Your objective: Below are the records; extract from them the line containing "Brahma Defender Waterproof" to the line containing "COBB VW and", both lines included, exactly and with no pictures.

Material for this task:
○ ○ ○ ○
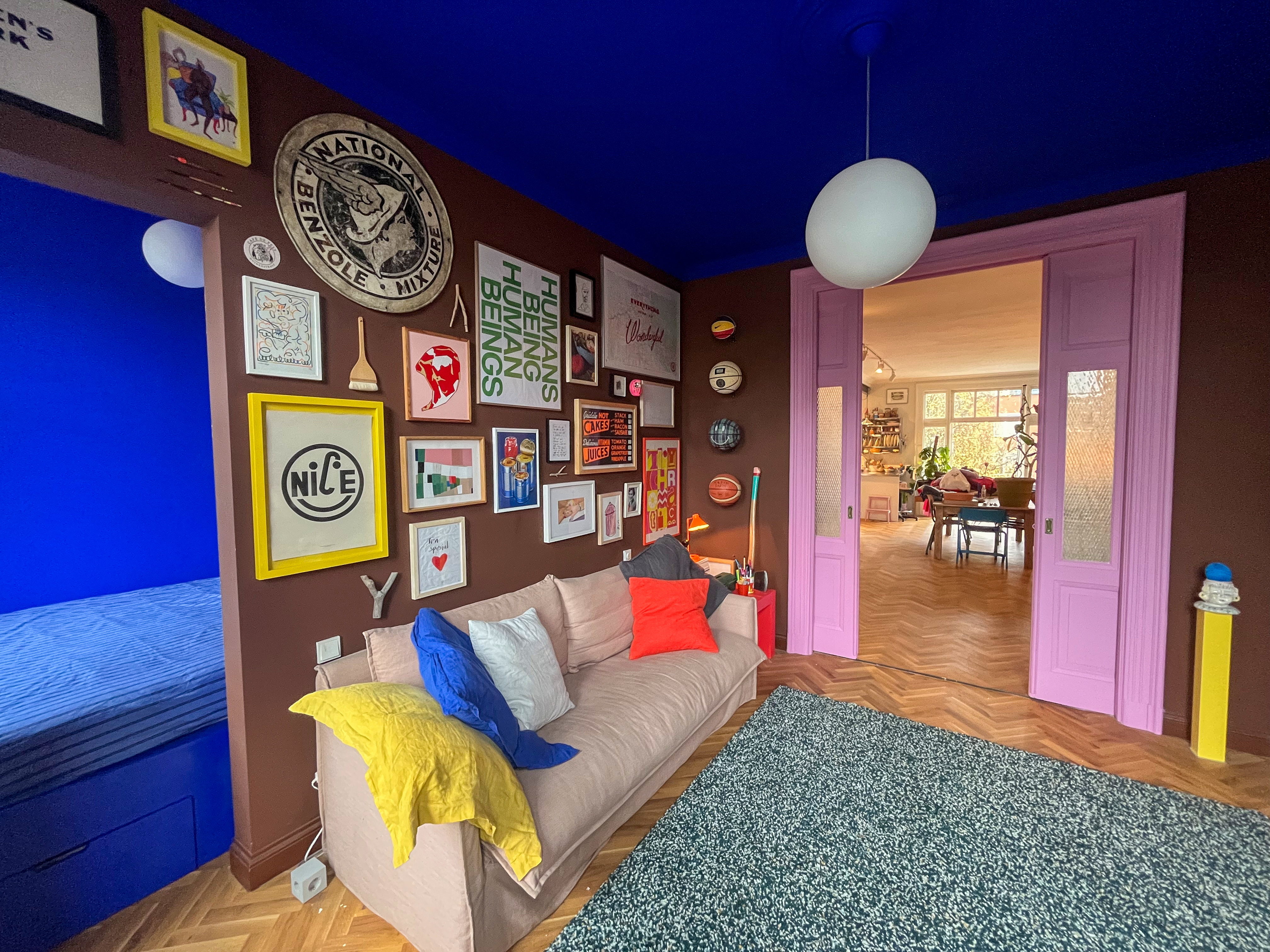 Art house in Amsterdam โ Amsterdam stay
○ ○ ○ ○
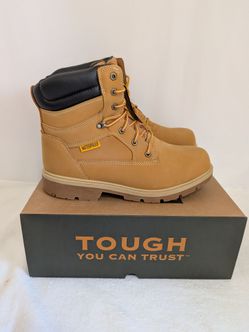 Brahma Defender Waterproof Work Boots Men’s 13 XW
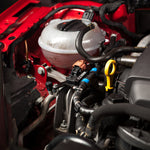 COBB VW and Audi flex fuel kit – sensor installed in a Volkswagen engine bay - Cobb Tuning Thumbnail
○ ○ ○ ○
Your response:
 Brahma Defender Waterproof Work Boots Men’s 13 XW
 COBB VW and Audi flex fuel kit – sensor installed in a Volkswagen engine bay - Cobb Tuning Thumbnail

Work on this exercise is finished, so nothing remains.